Saint Bernard

di Gabriel Bartalos (Stati Uniti/Francia, 2013)

Gabriel Bartalos non è un perfetto sconosciuto. Anche se di film ne ha girati soltanto due (“Scannati Vivi” nel 2004 e questo più recente “Saint Bernard”), come truccatore ed effettista il suo nome è sulla bocca di tanti appassionati da quasi quarant’anni: tra le sue collaborazioni più importanti, è impossibile non citare quella più duratura (con Frank Henenlotter) o quella, cominciata nel 1993, per la serie cinematografica “Leprechaun”.

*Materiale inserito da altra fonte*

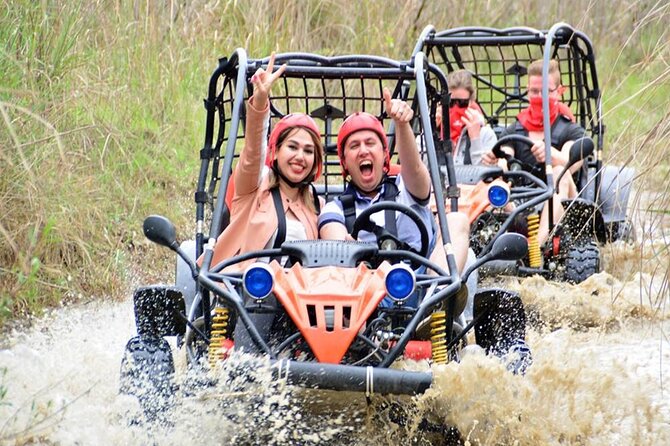 2 in 1 Tour in Antalya Rafting and Buggy Safari Tour With Lunch - Common Questions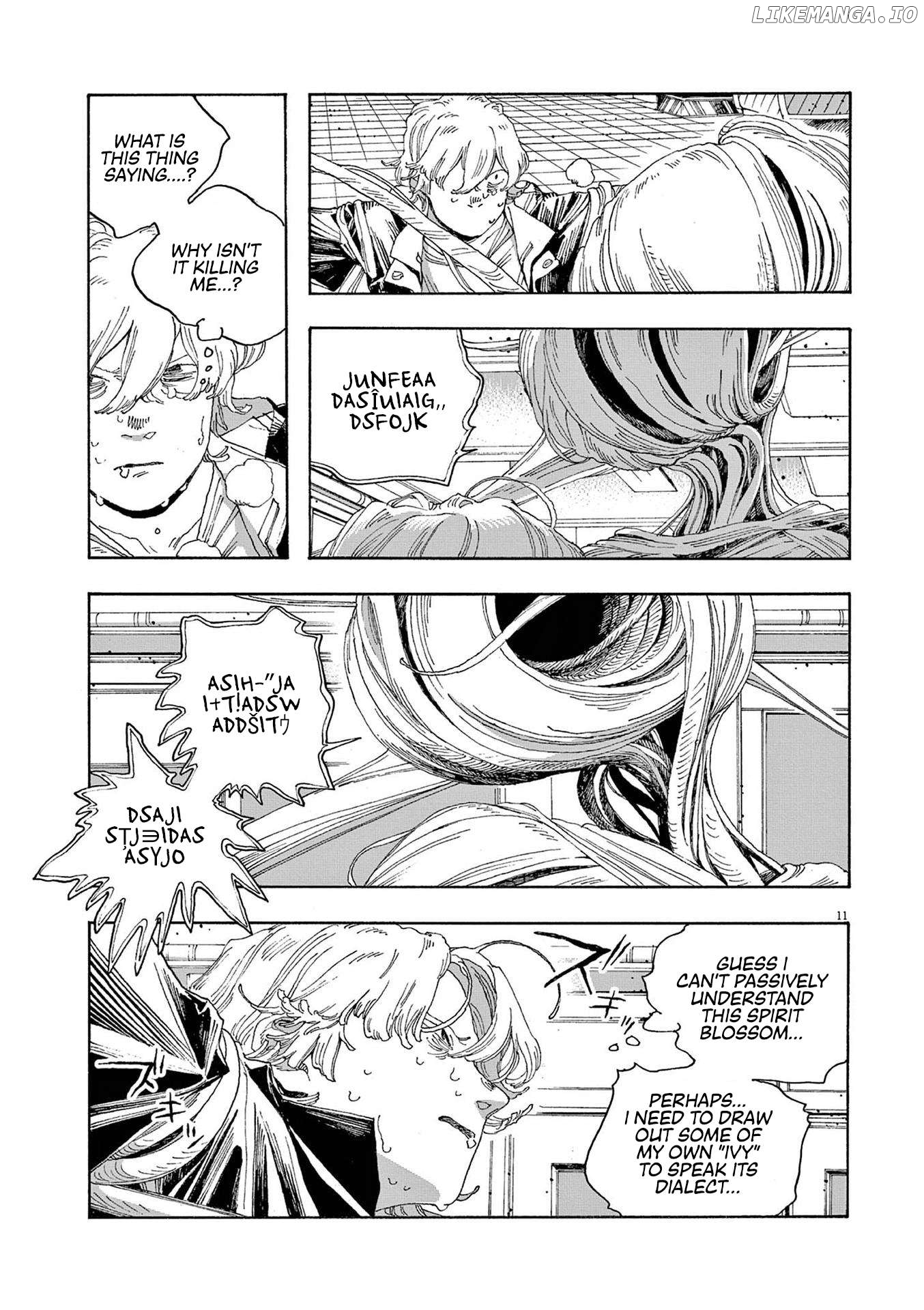 Fool Night Chapter 50 - page 9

Rispetto alla sua precedente esperienza, Bartalos qui ha cercato di alzare l’asticella, raccontandoci una storia priva di punti di riferimento ma assolutamente folle e originale. Bernard (Jason Dugre) è diventato un talentuoso direttore d’orchestra grazie agli insegnamenti dello zio: tuttavia un giorno, mentre è sul podio, egli inizia a essere colpito da una serie di allucinazioni, le quali lo trascinano in un trip a dir poco weird e grottesco. Il protagonista prima si imbatte nella testa mozzata di un cane San Bernardo (che diventa il suo feticcio personale), per poi incontrare alcuni individui davvero bislacchi, da un prete ossessionato dal denaro fino allo stesso zio, questa volta più minaccioso che mai (l’uomo agita un fallo gigante figlio di quelle brillanti intuizioni ereditate proprio dalle opere di Henenlotter, pensiamo ad esempio al delirante “Brain Damage”).
Se “Saint Bernard” fosse uscito durante gli 80s, oggi probabilmente sarebbe ricordato come un cult. Invece quella di Gabriel Bartalos si rivela soltanto una buona pellicola atterrata fuori tempo massimo, al di là di una serie di impennate geniali degne dei nostri vecchi cari b-movie. A tal proposito, tutte le scene in cui Bernard interagisce con una tipa di nome Miss Roadkill sono incredibilmente esilaranti, merito soprattutto degli effetti vintage a cui il regista si è affidato senza batter ciglio (e non poteva essere altrimenti!). Così, tra gambe maciullate, polli che scendono dal cielo col paracadute e altre assurdità che incontriamo lungo il percorso, si arriva a fine visione con la consapevolezza di aver assistito a qualcosa di altamente personale.
Anche se in questo caso lo script (curato dallo stesso Bartalos) conta decisamente poco, allo stesso tempo non è difficile rendersi conto della struttura abbastanza esile che compone “Saint Bernard”, un’opera che vive di parentesi e non di una coesione narrativa capace di coinvolgerci emotivamente. Una peculiarità sulla quale è possibile chiudere un occhio, alla luce di una follia visionaria a tratti veramente travolgente. Dimenticatevi dunque il rabbioso San Bernardo visto in “Cujo” (1983), perché stavolta il cinema horror si diverte a giocare con il fantasy e con il grottesco, infischiandosene della logica e delle regole.